──────── Material for the task

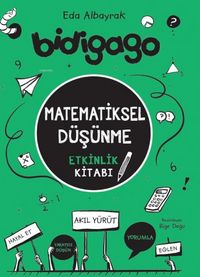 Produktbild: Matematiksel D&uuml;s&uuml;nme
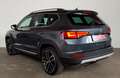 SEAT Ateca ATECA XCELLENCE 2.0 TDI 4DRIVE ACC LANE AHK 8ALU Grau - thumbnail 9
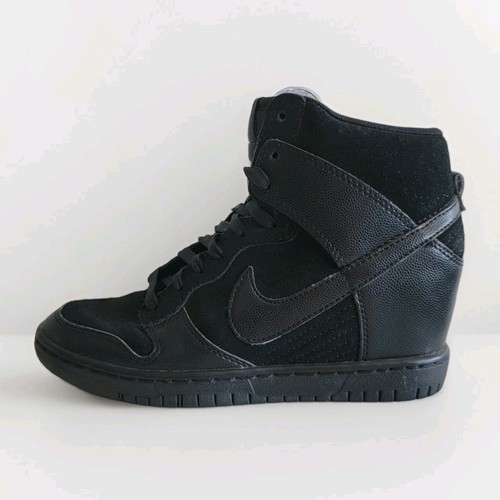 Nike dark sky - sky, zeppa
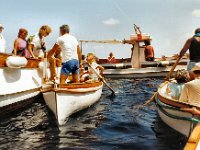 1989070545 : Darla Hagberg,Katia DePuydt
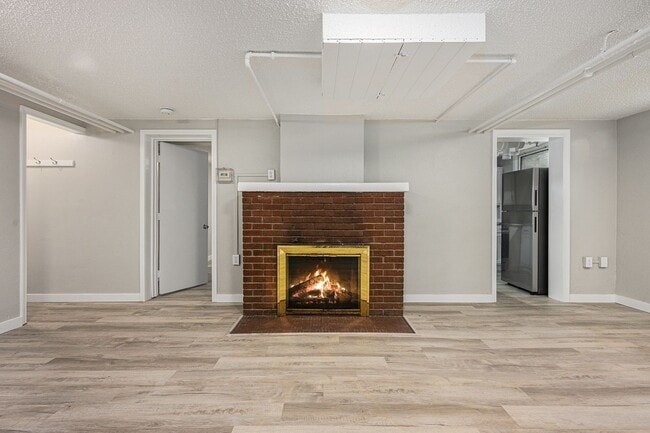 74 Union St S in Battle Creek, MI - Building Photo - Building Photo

────────────────
──────── Material for the task

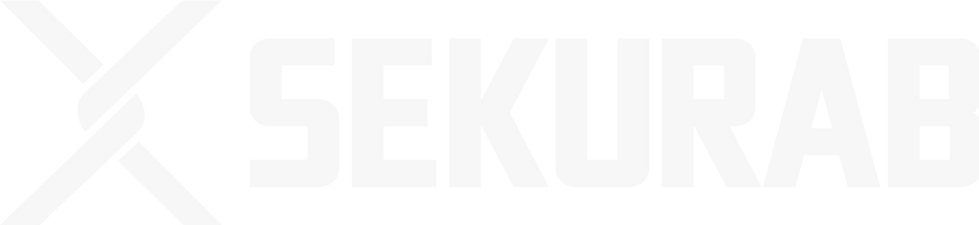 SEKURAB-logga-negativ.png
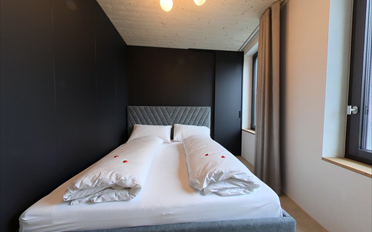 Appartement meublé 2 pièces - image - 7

────────────────

* Problem description: What should come back is an exact copy of the lines above from the line with "1989070545 : Darla Hagberg,Katia DePuydt" to the line with "74 Union St", both included, minus the pictures.

* Exercise result:
 1989070545 : Darla Hagberg,Katia DePuydt
 74 Union St S in Battle Creek, MI - Building Photo - Building Photo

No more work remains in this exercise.